An estimated 50,000 to 70,000 IT specialists alone have recently left, according to a Russian technology trade group, which predicts another 100,000 might leave by the end of April. Others in the outbound stampede include entrepreneurs, researchers and artists. The pace of this brain drain is especially impressive given how difficult sanctions have made it to buy plane tickets or otherwise conduct transactions across borders, as well as how expensive travel has become….
Russian self-exiles are mostly flooding into nearby countries such as Turkey, Armenia and Georgia, but we could smooth their pathway to the United States. Congress already has one blueprint: In early February, the House passed the America Competes Act, which would, among other things, increase immigration of entrepreneurs and PhD scientists from around the world (not just Russia). Alternatively, Congress could tailor a measure toward Russian STEM talent, or the Biden administration could make Russians more broadly eligible for refugee status….
Scaling up immigration and refugee admissions is both the right thing to do and in our own interests. Refugees and other emigres have a long history of supercharging U.S. innovation, winning Nobel Prizes and contributing to our national security. These include Soviet defectors during the Cold War and a larger-scale exodus of mathematicians and scientists after the collapse of the Soviet Union. We would benefit from a comparable influx of talent today.

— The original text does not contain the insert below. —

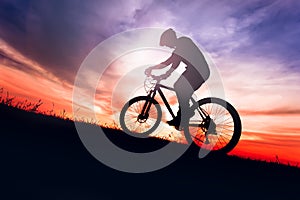 Biker on bike with sky background on sunsetSilhouette of a biker on bike with sky background on sunsetSilhouette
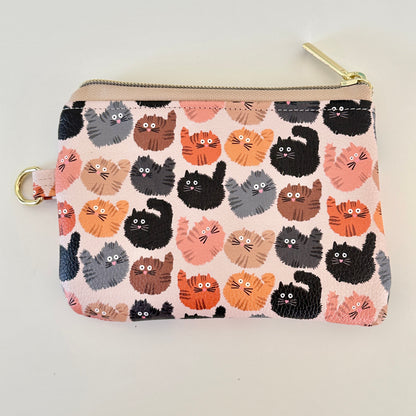coin purse with a fluffy  cat pattern on a light background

But the prospect of doing this while imminently draining Russia's talent pool should make the policy even more attractive.
Rampell goes on to point out that we should also allow Russian students already in the United States to stay here. At the very least, we should reject cruel and counterproductive proposals to expel them, advanced by some Democratic politicians.
She is by no means the only advocate of this approach to combating Putin's regime. Steve Chapman of the Chicago Tribune, conservative science writer Robert Zubrin in the National Review, Cato Institute immigration policy expert David Bier, and Canadian political commentator Scott Gilmore have made similar arguments. I myself did so in a March 8 New York Times article, where I also argued for taking in more Ukrainians. Along related lines, I and others have advanced the idea of giving refuge to Russian soldiers who surrender in Ukraine (a proposal, to my knowledge, first developed by Duke University economist Timur Kuran).
I would add there is a strong moral case for giving refuge to Russians fleeing Putin, as well as a strategic one. Putin's government has become increasingly repressive - to the point of imposing a 15-year prison sentence for the crime of merely referring to the war in Ukraine as a "war" or an "invasion," rather than a "special military operation." Russians should not be forced to live under Putin's repression any more than Ukrainians, or anyone else. It is unjust to condemn people to life under tyranny, merely because of arbitrary circumstances of birth.
I hope Rampell's work and that of others will generate greater support for these ideas. Perhaps even enough that policymakers will begin to take serious notice.